■ EXERCISE DETAILS ■
Going line by line through the records below, write out everything starting with the line containing "Woman wearing a" and going on through the line containing "A 19th Century", exactly and inclusively. Pictures do not go in.

■ THE DATA ■
+-------+
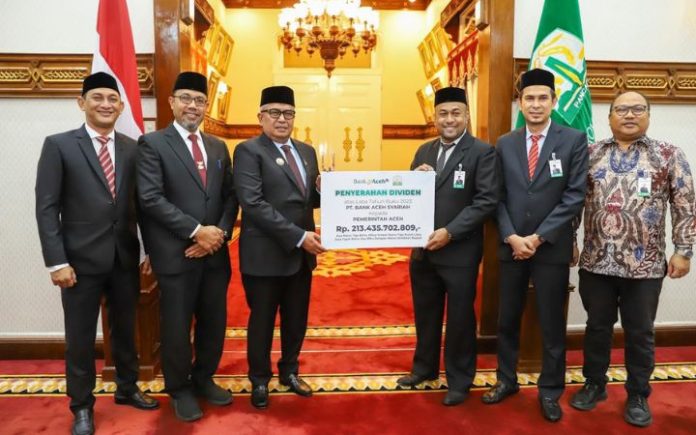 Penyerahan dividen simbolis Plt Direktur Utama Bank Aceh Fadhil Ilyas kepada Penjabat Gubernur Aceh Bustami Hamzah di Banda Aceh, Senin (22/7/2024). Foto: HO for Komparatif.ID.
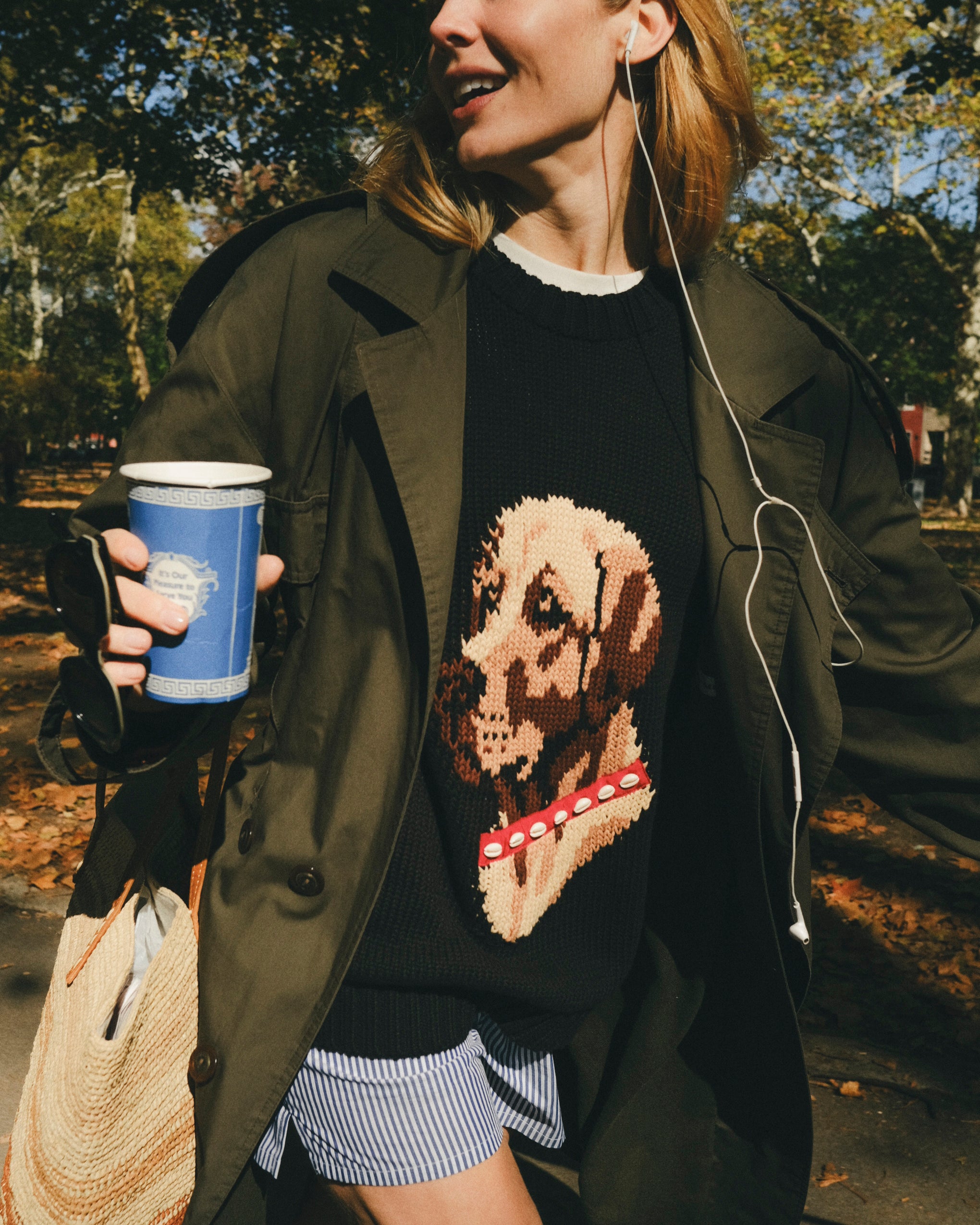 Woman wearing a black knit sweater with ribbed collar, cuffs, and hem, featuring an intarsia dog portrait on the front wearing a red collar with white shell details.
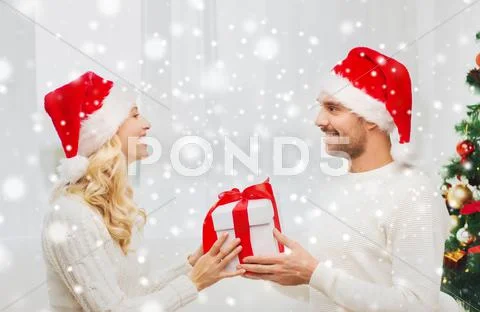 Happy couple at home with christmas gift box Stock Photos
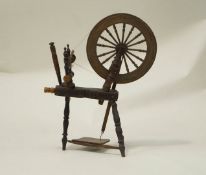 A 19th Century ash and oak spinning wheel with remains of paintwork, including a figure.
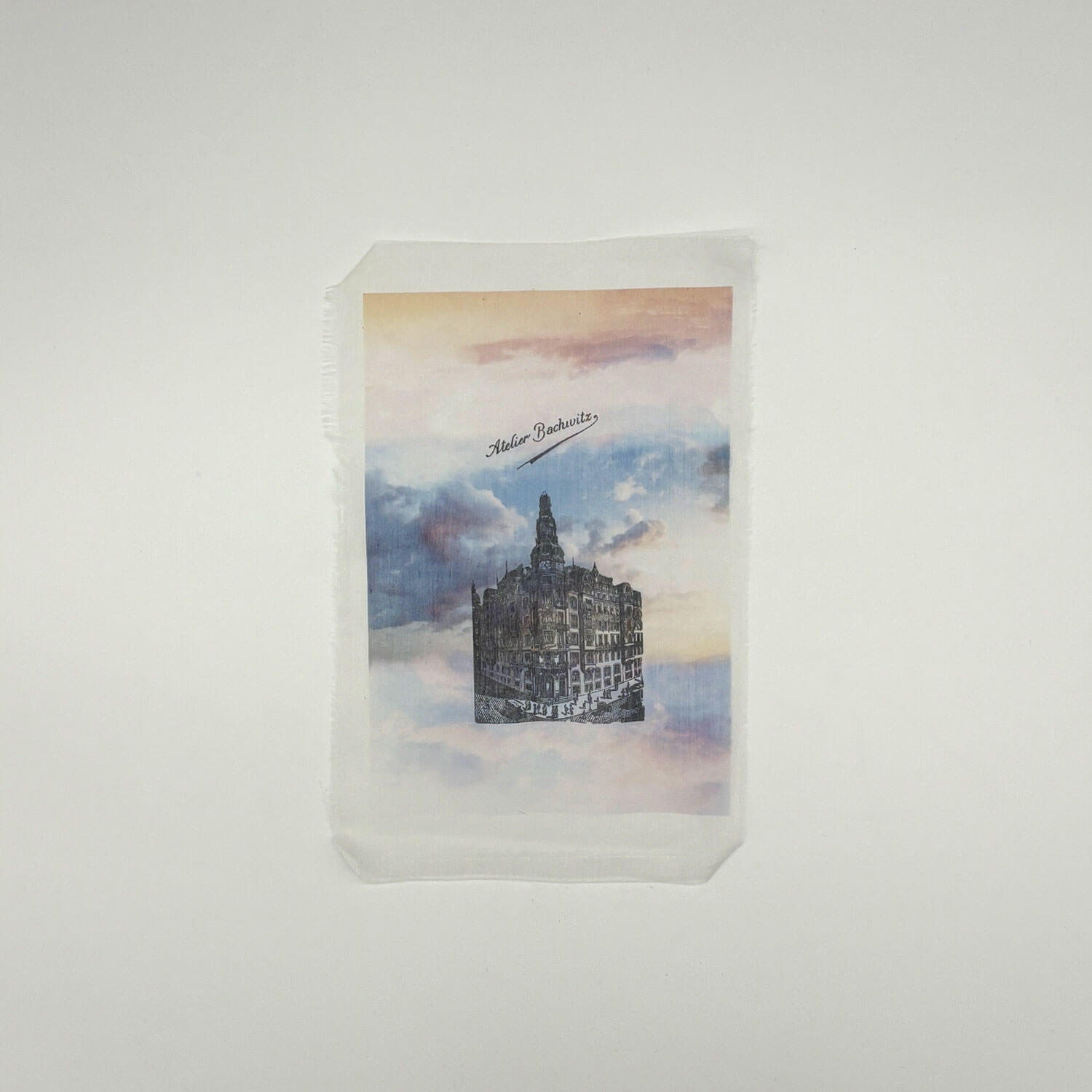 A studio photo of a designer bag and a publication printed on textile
+-------+
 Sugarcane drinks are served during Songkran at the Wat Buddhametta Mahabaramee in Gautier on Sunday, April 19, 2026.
+-------+
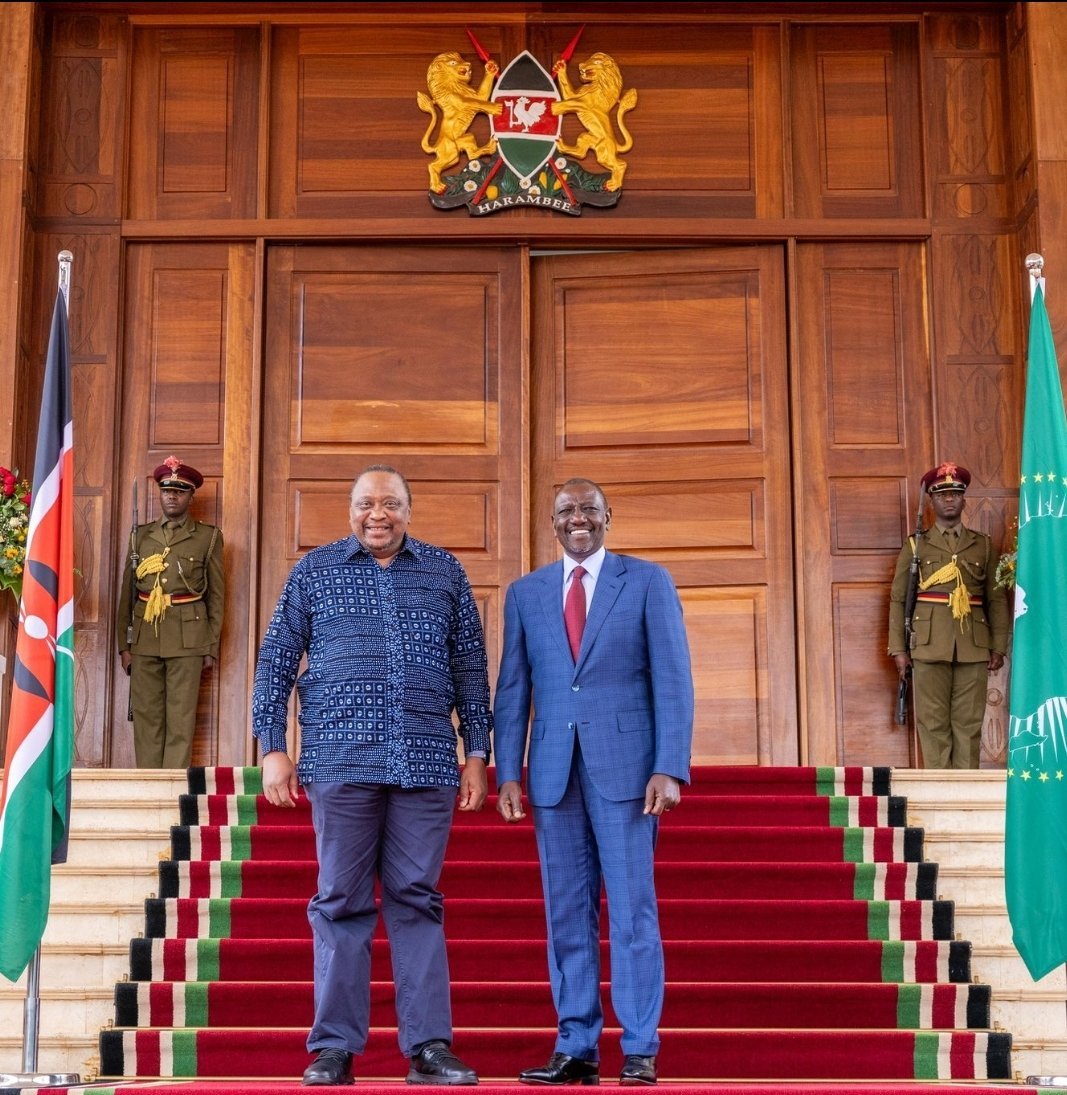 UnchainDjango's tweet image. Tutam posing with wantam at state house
+-------+
■ COMPLETED EXERCISE ■
 Woman wearing a black knit sweater with ribbed collar, cuffs, and hem, featuring an intarsia dog portrait on the front wearing a red collar with white shell details.
 Happy couple at home with christmas gift box Stock Photos
 A 19th Century ash and oak spinning wheel with remains of paintwork, including a figure.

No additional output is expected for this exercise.